Working from the records below, return word for word the line that contains "Charles Porter on" and each line after it, ending with the last. Skip all pictures.

Material for the task:
■ ■ ■ ■

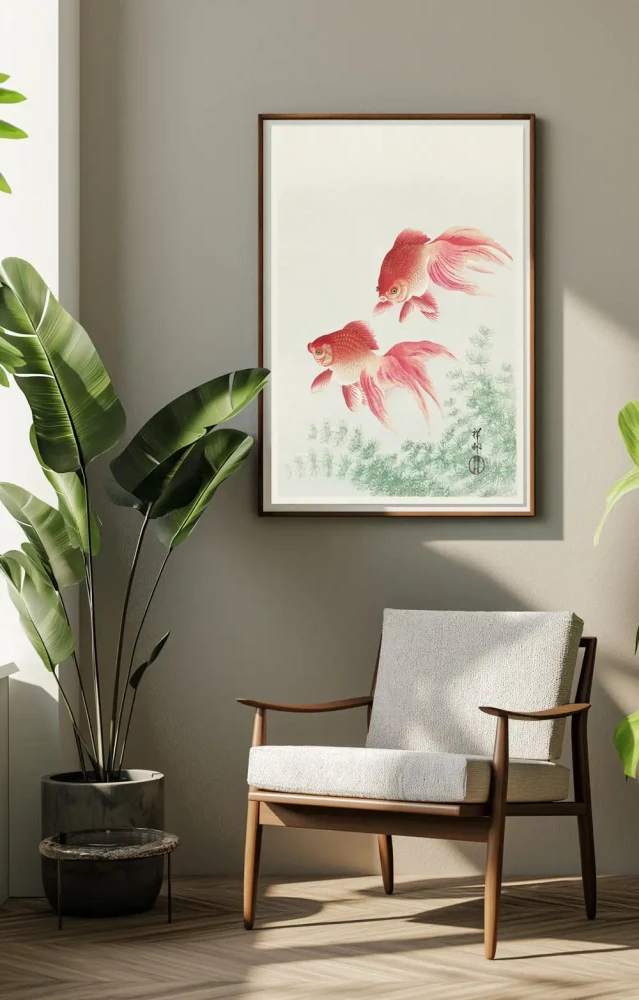 Plakat, Ohara Koson Two veil goldfish (1926)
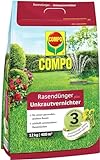 COMPO Rasendünger mit Unkrautvernichter - Rasendünger für das Frühjahr - 12...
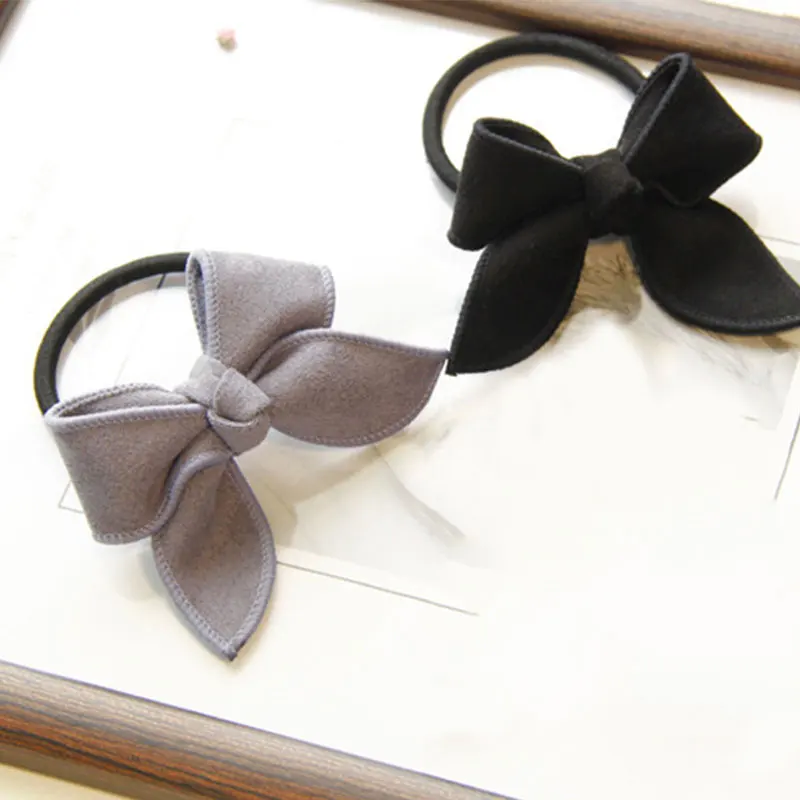 Однотонные замшевые резинки с бантом милые для волос девочек эластичная резинка
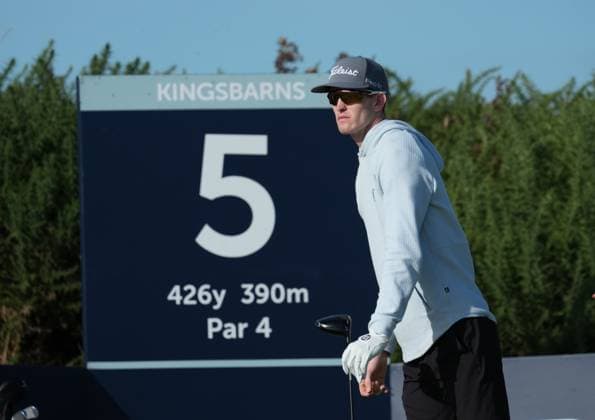Charles Porter on the 5th tee Alfred Dunhill Links Championship, Round 2, Kingsbarns, Tayside, UK, Scotland - 02 Oct 2026 United Kingdom  Copyright: xStuartxWallace Shutterstockx 17181491am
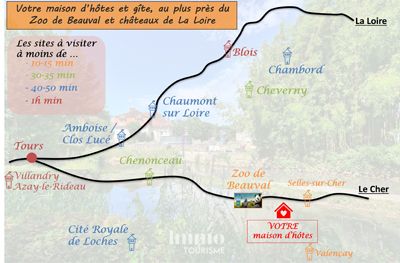 emplacement géographique de la Propriété avec gîte et chambres d’hôtes à vendre aux portes de Beauval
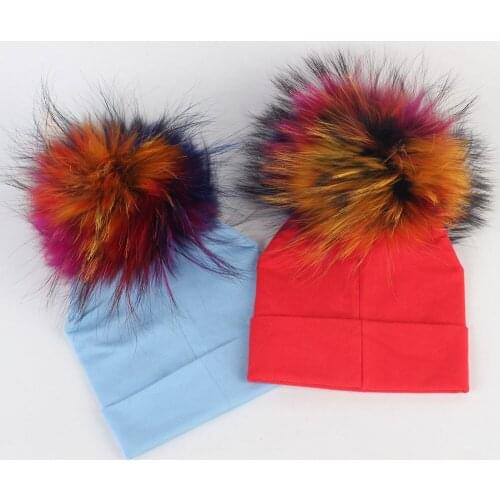Geebro Lovely Newborn Baby Cotton Beanies Hats With Real Fur Raccoon Pompom For Girls Boys Kids Warm Plain Skullies Beanies Hat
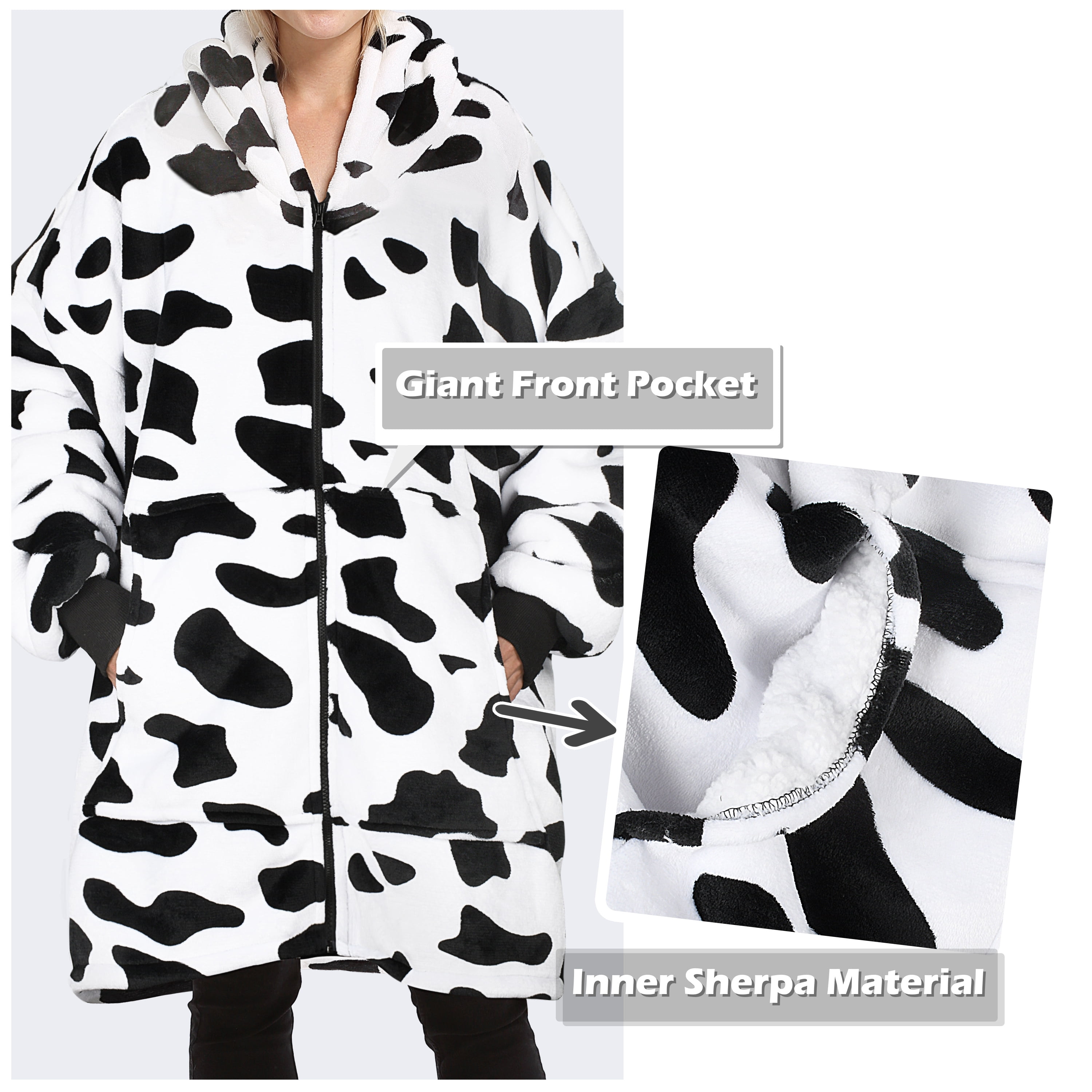 Catalonia Oversized Hoodie Blanket with Zipper, Wearable Sherpa Sweatshirt Pullover, Soft Warm Comfortable Jacket for Adults Men Women, Dalmatian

■ ■ ■ ■

Result for this exercise:
Charles Porter on the 5th tee Alfred Dunhill Links Championship, Round 2, Kingsbarns, Tayside, UK, Scotland - 02 Oct 2026 United Kingdom  Copyright: xStuartxWallace Shutterstockx 17181491am
 emplacement géographique de la Propriété avec gîte et chambres d’hôtes à vendre aux portes de Beauval
Geebro Lovely Newborn Baby Cotton Beanies Hats With Real Fur Raccoon Pompom For Girls Boys Kids Warm Plain Skullies Beanies Hat
 Catalonia Oversized Hoodie Blanket with Zipper, Wearable Sherpa Sweatshirt Pullover, Soft Warm Comfortable Jacket for Adults Men Women, Dalmatian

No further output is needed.